We have nothing to fear but fear itself

Quick Riches

The crypto craze has crashed. The coffee shop owner who claimed his $18,000 investment had grown to a healthy six figures can’t even open his account any more. No doubt some early adapters who also got out early made some serious money. But that’s like the gambler who’s ahead and can seldom walk away from the table until everything is gone.

In retrospect, it’s clear that Enron and Bernie Madoff, for example, were bad deals, too good to be true, but people were caught up in the frenzy of quick riches. That’s what every pyramid and Ponzi Scheme intends, even if they paint the front of the store “network marketing” or some such deceptive normality.

When things look too good to be true, they are.

I don’t believe in hard work, but I do believe in and practice smart work. Uber is nothing more than a better cab service. Dyson knows how to move air better than others who make vacuum cleaners or hand dryers. FedEx figured out how to move packages faster than the post office could (and still can’t).

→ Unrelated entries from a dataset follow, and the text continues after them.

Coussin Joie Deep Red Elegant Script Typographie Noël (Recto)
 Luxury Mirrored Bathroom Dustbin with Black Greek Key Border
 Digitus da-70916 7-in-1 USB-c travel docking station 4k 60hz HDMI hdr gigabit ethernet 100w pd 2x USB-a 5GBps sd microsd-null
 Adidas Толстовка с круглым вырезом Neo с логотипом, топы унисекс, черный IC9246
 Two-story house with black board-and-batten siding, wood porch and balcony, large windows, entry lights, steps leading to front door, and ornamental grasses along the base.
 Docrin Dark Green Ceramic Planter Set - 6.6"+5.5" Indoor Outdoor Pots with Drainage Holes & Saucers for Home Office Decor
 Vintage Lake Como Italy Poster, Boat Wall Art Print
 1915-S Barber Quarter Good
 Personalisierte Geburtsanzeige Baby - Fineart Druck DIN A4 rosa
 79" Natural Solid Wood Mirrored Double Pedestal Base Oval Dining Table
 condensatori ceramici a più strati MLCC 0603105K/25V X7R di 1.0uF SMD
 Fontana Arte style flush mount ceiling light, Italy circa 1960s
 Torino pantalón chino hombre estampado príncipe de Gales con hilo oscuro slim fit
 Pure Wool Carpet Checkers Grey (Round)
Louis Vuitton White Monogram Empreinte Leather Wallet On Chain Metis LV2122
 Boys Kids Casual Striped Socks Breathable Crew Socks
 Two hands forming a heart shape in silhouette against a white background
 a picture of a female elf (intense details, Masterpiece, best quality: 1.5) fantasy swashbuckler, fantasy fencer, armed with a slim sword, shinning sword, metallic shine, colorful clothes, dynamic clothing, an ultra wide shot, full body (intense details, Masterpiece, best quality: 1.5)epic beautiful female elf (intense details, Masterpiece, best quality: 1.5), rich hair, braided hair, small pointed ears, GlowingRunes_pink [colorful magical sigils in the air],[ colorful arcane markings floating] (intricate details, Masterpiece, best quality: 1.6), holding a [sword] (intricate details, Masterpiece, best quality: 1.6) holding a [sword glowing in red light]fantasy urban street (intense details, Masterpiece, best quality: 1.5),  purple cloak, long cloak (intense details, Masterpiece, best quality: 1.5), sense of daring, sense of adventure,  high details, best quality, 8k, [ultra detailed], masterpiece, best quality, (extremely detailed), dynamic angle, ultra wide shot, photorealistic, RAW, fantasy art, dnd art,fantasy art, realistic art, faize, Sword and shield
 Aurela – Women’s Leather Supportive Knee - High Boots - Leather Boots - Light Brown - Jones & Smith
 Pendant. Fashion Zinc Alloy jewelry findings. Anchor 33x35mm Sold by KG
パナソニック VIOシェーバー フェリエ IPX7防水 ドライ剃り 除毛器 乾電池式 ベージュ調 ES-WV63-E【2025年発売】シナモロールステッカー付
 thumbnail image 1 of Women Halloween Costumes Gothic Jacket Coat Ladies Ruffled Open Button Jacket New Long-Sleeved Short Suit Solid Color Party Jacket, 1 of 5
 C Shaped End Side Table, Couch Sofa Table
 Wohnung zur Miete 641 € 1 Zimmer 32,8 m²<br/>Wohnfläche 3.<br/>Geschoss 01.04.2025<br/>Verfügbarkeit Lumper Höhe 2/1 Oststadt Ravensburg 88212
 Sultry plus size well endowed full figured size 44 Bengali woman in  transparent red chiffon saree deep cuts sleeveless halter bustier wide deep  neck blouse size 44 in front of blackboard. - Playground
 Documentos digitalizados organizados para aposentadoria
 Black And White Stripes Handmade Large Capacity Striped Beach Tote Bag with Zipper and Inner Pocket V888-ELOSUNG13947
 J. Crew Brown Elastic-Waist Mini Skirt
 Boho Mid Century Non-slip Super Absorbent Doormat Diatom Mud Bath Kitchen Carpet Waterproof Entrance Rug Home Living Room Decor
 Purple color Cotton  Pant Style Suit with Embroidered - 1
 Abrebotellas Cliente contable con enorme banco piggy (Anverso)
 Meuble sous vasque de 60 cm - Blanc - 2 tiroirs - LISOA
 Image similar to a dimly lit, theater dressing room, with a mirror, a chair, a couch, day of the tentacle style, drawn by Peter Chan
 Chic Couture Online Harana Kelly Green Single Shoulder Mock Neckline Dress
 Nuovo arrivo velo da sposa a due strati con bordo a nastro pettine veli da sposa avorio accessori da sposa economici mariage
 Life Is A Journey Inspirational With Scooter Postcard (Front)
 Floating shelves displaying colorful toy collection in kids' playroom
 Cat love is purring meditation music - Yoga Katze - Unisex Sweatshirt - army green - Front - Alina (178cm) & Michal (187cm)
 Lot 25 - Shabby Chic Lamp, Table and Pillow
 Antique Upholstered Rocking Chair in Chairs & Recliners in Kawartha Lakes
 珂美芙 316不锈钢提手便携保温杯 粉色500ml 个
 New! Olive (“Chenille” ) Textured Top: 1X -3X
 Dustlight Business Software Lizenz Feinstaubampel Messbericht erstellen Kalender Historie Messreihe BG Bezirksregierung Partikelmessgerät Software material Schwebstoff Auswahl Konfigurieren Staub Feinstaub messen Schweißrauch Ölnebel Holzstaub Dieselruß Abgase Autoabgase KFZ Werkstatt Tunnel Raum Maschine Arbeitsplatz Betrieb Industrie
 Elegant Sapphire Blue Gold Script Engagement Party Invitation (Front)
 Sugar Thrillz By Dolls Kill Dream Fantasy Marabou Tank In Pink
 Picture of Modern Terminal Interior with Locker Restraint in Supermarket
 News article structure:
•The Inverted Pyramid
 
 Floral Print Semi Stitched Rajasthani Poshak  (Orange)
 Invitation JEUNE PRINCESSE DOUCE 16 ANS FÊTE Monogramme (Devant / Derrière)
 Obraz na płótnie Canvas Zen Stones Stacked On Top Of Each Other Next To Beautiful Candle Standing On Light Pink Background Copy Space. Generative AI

I introduced value based fees for consultants to get them out of the unethical hourly billing trap back in the 90s. Streaming services still bring entertainment and sports into your home, no matter what the platform (and even on your TV). You can do your banking and even deposit checks on your smart phone, but you’re still engaged in banking.

If the energy invested in short-cuts and “quick riches” were simply redirected into smarter approaches, more people would be wealthier. But the allure of some magic bullet is hard to ignore for many.

After all, some people are still trying to rob banks, thinking it’s easier than working. I don’t know about that, but it’s certainly not safer.

I'm an Old Cowhand...

The Aqua Shard restaurant (in the tallest building in western Europe—32 stories) provided a wonderful corner table for dinner overlooking the Thames and a great deal of London. I noticed, peripherally, however, that they had placed another couple extremely close. I didn’t want to stare but I could see their movements.

“What’s wrong?” asked my wife.

“Why would they place the tables so close together?” I asked, gesturing to her right.

“Alan,” she said patiently, “that’s a mirror.”